Gabriel attempts to find the whereabouts of the child from Daggett, but kills him when he refuses to help. When Danyael kills members of Gabriel's army of angels, Gabriel instead employs the assistance of Izzy, a teenage girl who has just committed suicide with her boyfriend. Gabriel keeps her alive to help him in his search for Valerie (despite his angelic powers, he is completely naive about technology and unable to drive a car or work a computer, so he has her use her computer skills to find her and drive him around).

Gabriel's war against Danyael and the other angels climaxes in a battle in Eden, now an industrial wasteland. Danyael and Izzy are killed, but Valerie defeats Gabriel by seizing him and jumping from a building, confident that God will protect her as He told her He would (she reveals that Gabriel is unable to hear His voice as he simply does not listen); she is indeed unharmed, but Gabriel is impaled on a spike. As punishment, Gabriel is turned into a human by Michael. Valerie raises the child by herself, accepting the risk that the angels may come for her. The film ends with Gabriel as a derelict; a face in the sky and ominous clouds show that the war in Heaven is not over.

==Cast==
- Christopher Walken as Gabriel
- Russell Wong as Danyael
- Jennifer Beals as Valerie Rosales
- Brittany Murphy as Isabelle "Izzy"
- Nicki Micheaux as Detective Kriebel
- Eric Roberts as Michael
- Glenn Danzig as Samayel
- Steve Hytner as Joseph
- Bruce Abbott as Thomas Daggett
- William Prael as Rafayel
- Renee Victor as Lida Rosales
- Elizabeth Dennehy as Dr. Kathy Kimball
- Danny Strong as Julian
- J. G. Hertzler as Father William
- Michael Raimi as Danyael, Jr.

==Production==
Following his time directing and co-writing Children of the Corn IV: The Gathering, Miramax executives offered Greg Spence The Prophecy II as a follow-up after being impressed with Children of the Corn IVs rough cut which Spence accepted. Spence wrote the film alongside Matt Greenberg with little interference from Miramax with the only real mandates being the return of Christopher Walken's Gabriel and the introduction of the Archangel Michael. Spence said that his intention with the sequel was to further develop the mythology established in the first film while also making the film more genre driven with more scares as well as incorporating some fish out of water type humor with Walken's Gabriel.

==Reception==
Rotten Tomatoes, a review aggregator, reports that 33% of six surveyed critics gave the film a positive review; the average rating is 4.7/10. In 1998, the Academy of Science Fiction, Fantasy and Horror Films rated the film as "The Year's Most Suspenseful Thriller", and Cinefantastique praised the film for being "Intense…Action Packed! Walken Steals the Show!"

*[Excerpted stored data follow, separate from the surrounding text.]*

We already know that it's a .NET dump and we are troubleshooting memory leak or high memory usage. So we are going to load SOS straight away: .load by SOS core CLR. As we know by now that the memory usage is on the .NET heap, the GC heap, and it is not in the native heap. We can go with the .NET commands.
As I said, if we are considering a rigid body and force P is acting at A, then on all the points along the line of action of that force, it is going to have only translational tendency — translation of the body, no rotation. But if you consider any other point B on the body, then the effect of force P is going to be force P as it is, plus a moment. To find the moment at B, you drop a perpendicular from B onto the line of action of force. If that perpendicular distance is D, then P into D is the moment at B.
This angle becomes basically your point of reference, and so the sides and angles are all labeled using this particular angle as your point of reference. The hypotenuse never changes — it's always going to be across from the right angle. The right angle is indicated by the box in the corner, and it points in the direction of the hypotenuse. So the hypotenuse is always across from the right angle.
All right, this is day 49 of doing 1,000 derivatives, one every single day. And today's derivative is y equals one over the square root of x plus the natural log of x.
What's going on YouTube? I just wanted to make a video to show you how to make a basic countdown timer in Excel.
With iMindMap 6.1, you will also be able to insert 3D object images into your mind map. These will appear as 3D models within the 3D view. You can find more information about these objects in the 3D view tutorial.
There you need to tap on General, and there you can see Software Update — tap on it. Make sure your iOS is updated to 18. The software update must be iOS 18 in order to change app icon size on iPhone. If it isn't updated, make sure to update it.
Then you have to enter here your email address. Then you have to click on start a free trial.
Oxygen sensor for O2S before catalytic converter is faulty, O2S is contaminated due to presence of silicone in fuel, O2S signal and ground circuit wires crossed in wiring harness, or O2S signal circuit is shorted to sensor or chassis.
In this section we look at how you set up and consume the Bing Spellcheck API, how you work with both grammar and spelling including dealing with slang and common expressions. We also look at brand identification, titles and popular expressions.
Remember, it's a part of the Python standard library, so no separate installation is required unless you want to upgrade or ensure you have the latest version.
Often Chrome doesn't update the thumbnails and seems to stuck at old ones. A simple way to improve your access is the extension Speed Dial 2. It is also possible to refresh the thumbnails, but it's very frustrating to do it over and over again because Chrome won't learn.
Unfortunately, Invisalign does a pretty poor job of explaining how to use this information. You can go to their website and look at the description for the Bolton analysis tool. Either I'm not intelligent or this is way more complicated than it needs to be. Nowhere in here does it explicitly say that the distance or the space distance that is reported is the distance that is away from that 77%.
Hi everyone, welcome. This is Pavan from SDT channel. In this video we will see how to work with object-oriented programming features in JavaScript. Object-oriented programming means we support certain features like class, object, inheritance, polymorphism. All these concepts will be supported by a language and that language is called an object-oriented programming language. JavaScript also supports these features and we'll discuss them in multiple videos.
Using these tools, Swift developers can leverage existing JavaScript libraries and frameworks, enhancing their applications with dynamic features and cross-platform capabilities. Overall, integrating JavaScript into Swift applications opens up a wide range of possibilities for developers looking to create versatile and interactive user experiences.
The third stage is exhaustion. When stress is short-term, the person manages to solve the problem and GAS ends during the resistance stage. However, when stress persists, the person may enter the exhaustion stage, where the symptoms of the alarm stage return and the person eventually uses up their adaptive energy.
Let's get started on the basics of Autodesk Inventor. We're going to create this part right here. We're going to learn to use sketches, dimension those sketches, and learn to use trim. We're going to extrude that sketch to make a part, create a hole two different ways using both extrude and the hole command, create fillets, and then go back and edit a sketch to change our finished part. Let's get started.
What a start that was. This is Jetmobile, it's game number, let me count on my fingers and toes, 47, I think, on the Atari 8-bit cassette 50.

TV Guide rated it 1/5 stars and called it "a dull and cheap-looking direct-to-video sequel". Nathan Rabin of The A.V. Club wrote: "While at times amusing, and far from unwatchable, The Prophecy IIs quirky strengths can't compensate for the fact that it's about as frightening as your average episode of Psi Factor". Robert Sellers of the Radio Times rated it 2/5 stars and compared it unfavorably with the original film. Witney Seibold of CraveOnline wrote that the sequel suffers from overfamiliarity and thus becomes "a pretty rote action thriller". Nicholas Sylvain of DVD Verdict wrote: "If you aren't a Walken fan, then you have my sympathies, because there's not much else here for you".